At one level, it is the story of a lady who is attempting to exercise her agency by stepping out of her family where she does not think she belongs to contribute to improving the lives of destitute women. At another level, it is also a story of how women who have in some way or other been wronged or have suffered the brunt of patriarchy and ultimately found their home with other women like them.
At the end of the Umbartha, even Sulabha becomes one such woman and these other destitute women become her family. Additionally, it is an attempt to expose the individuals and parties who try to fulfil their own interests and selfish objectives in the name of philanthropy and systematic corruption which at times costs individuals their lives.
At the very beginning of the Umbartha, we get a sense of the kind of character Smita Patil is about to portray.

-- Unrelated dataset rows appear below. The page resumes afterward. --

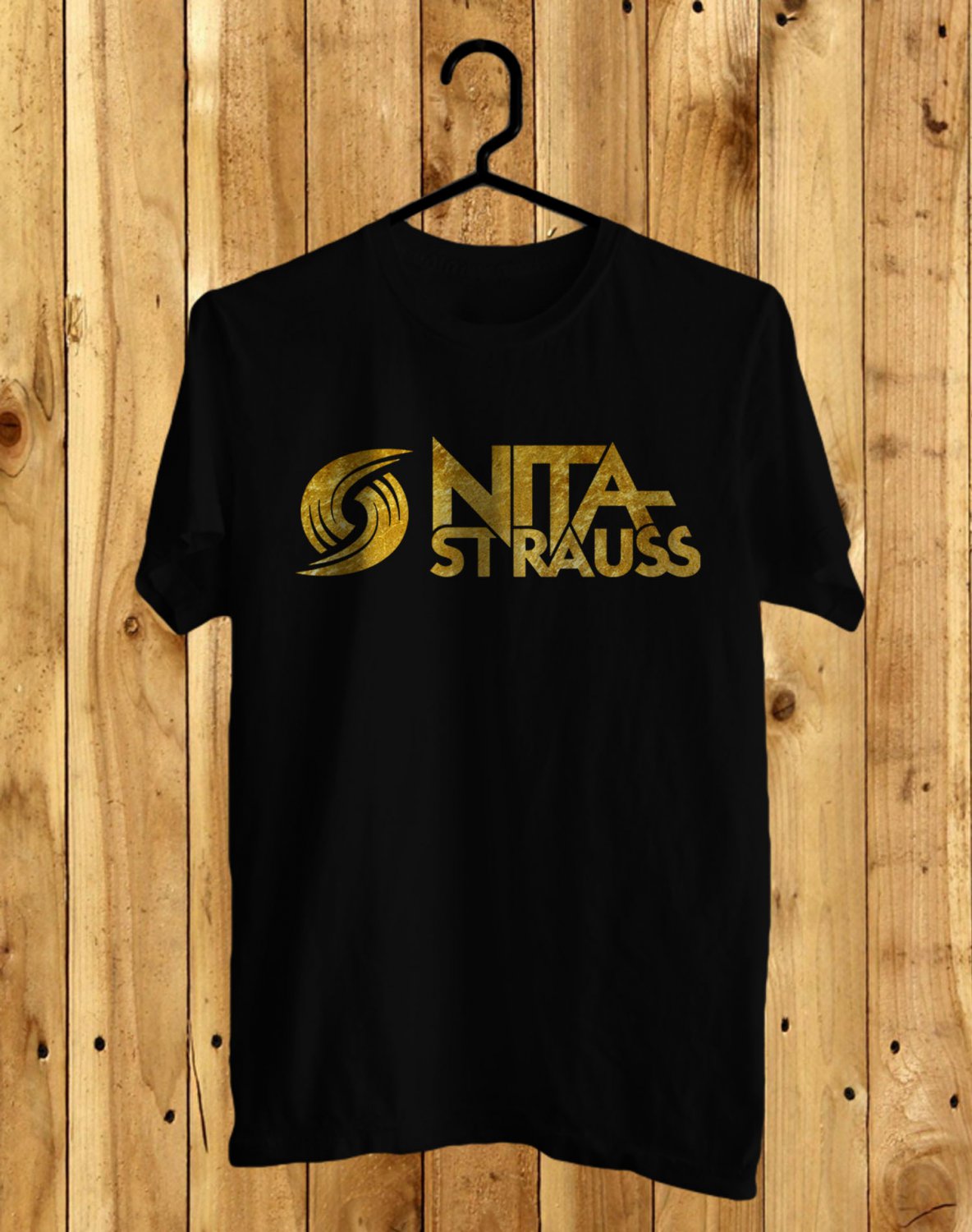 NITA STRAUSS GOLD LOGO FRONT SIDE BLACK TEE SHIRT V01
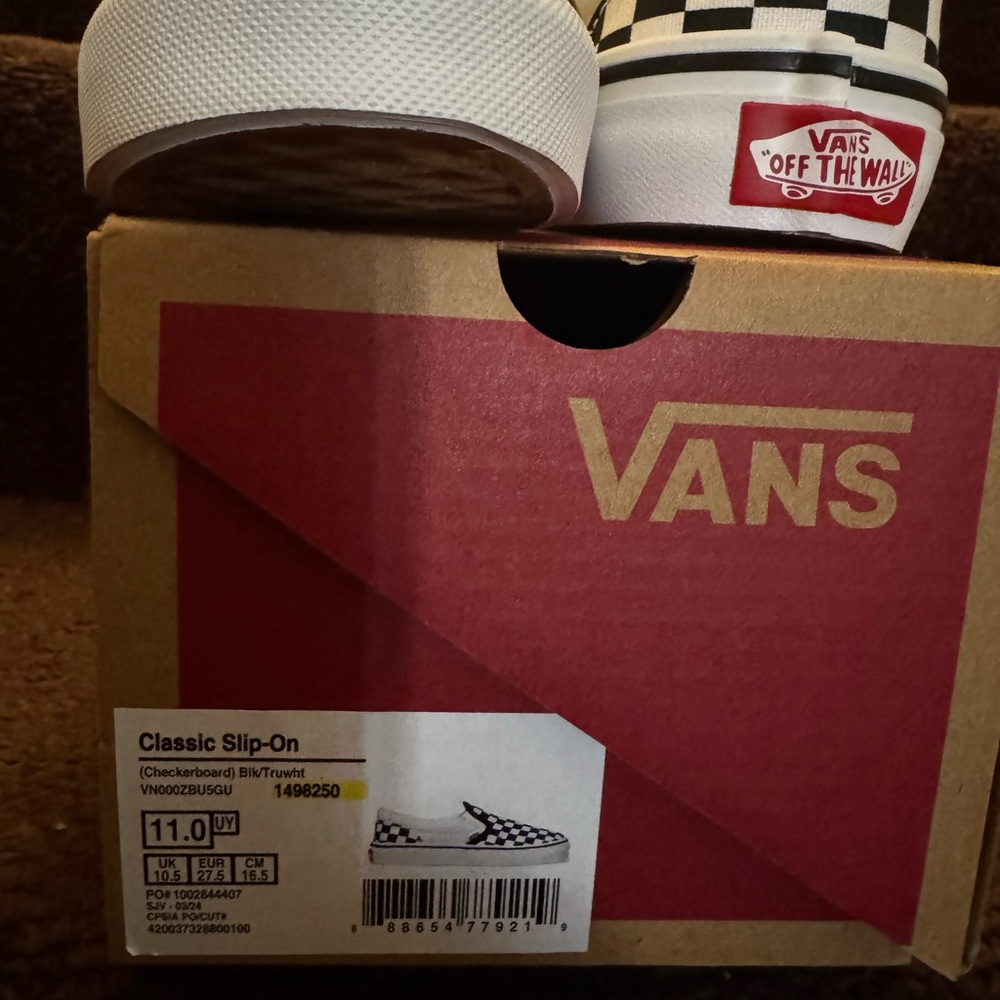 Vans Men's Classic Slip-On Shoes - Black and White Checkerboard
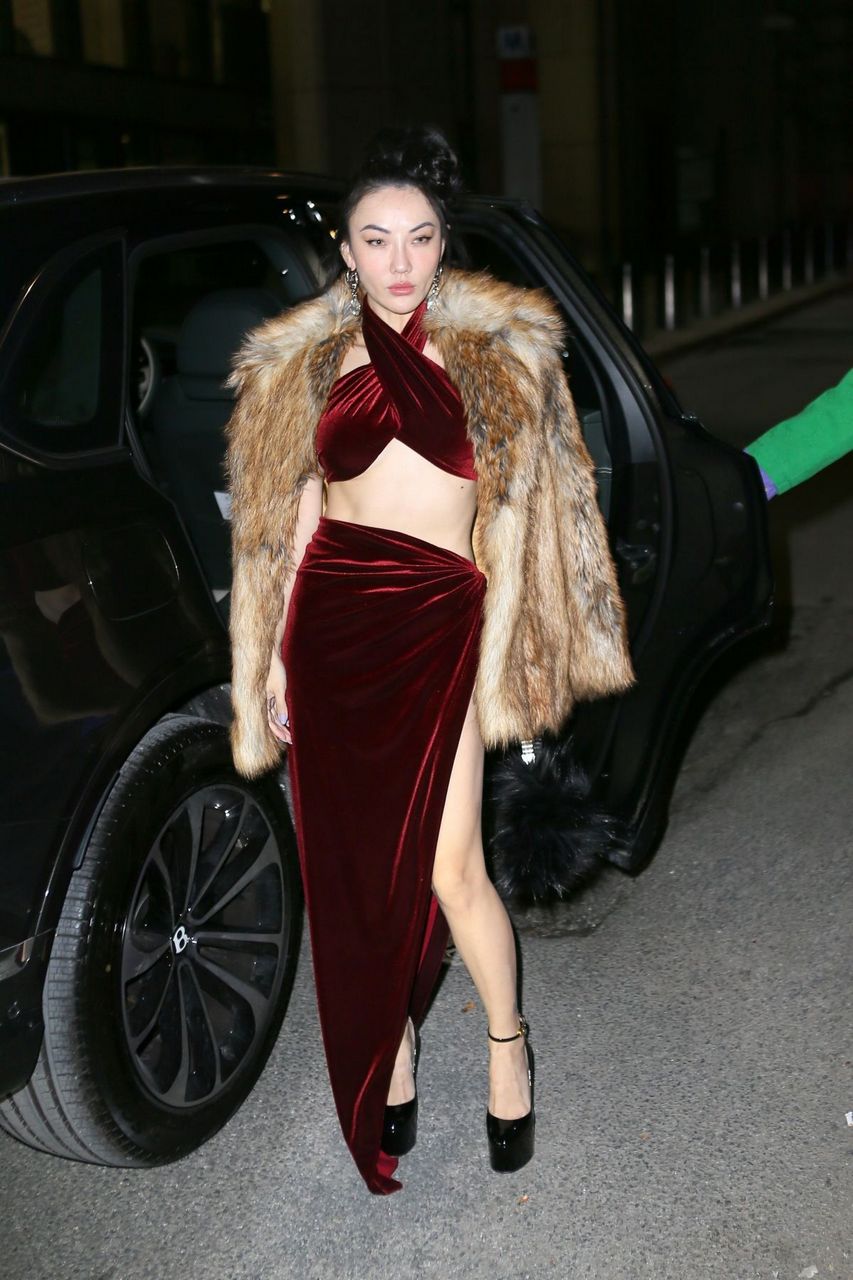 Jessica Wang Arrives Laquan Smith Show New York Fashion Week
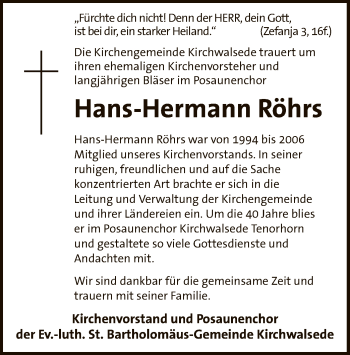 Traueranzeige von Hans-Hermann Röhrs von SYK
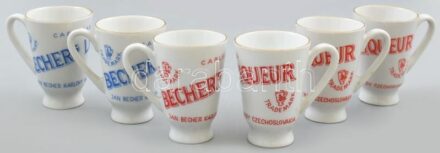 6 darab porcelán Becherovka pohárka, matricás, jelzés nélkül 6 cm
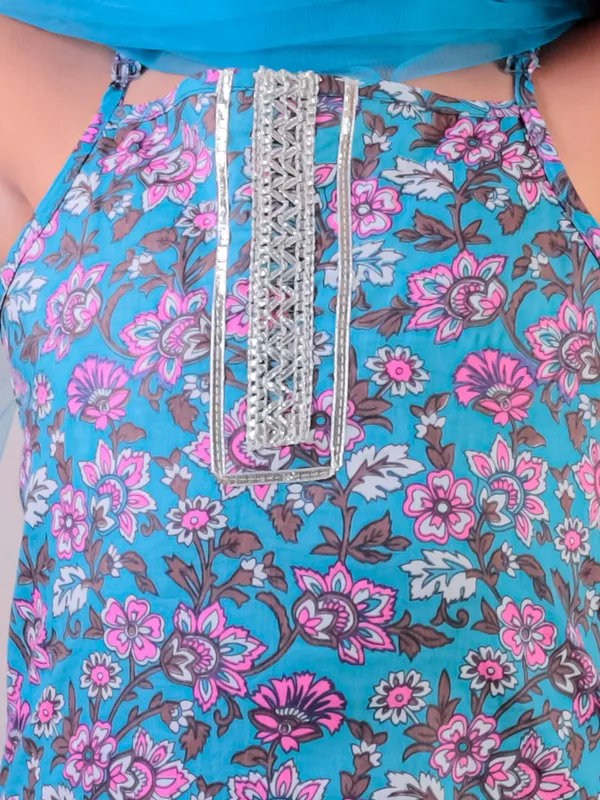 Blue_Cotton_Printed_Kurti_With_Sharara_With_Dupatta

The film starts with Sulabha roaming around alone, people in her family seem to be busy. Despite this, we feel that she is lonely and get a sense of what she later says, “I do not belong here“. With the degree she gets in sociology, a drive to do something for society and women, fuels Sulabha’s every action. Her husband Subhash, who supported her to take up this course shows his inherent patriarchy when he taunts her for not being understanding, not doing anything for the family and claiming that her attitude seems to have changed after the course.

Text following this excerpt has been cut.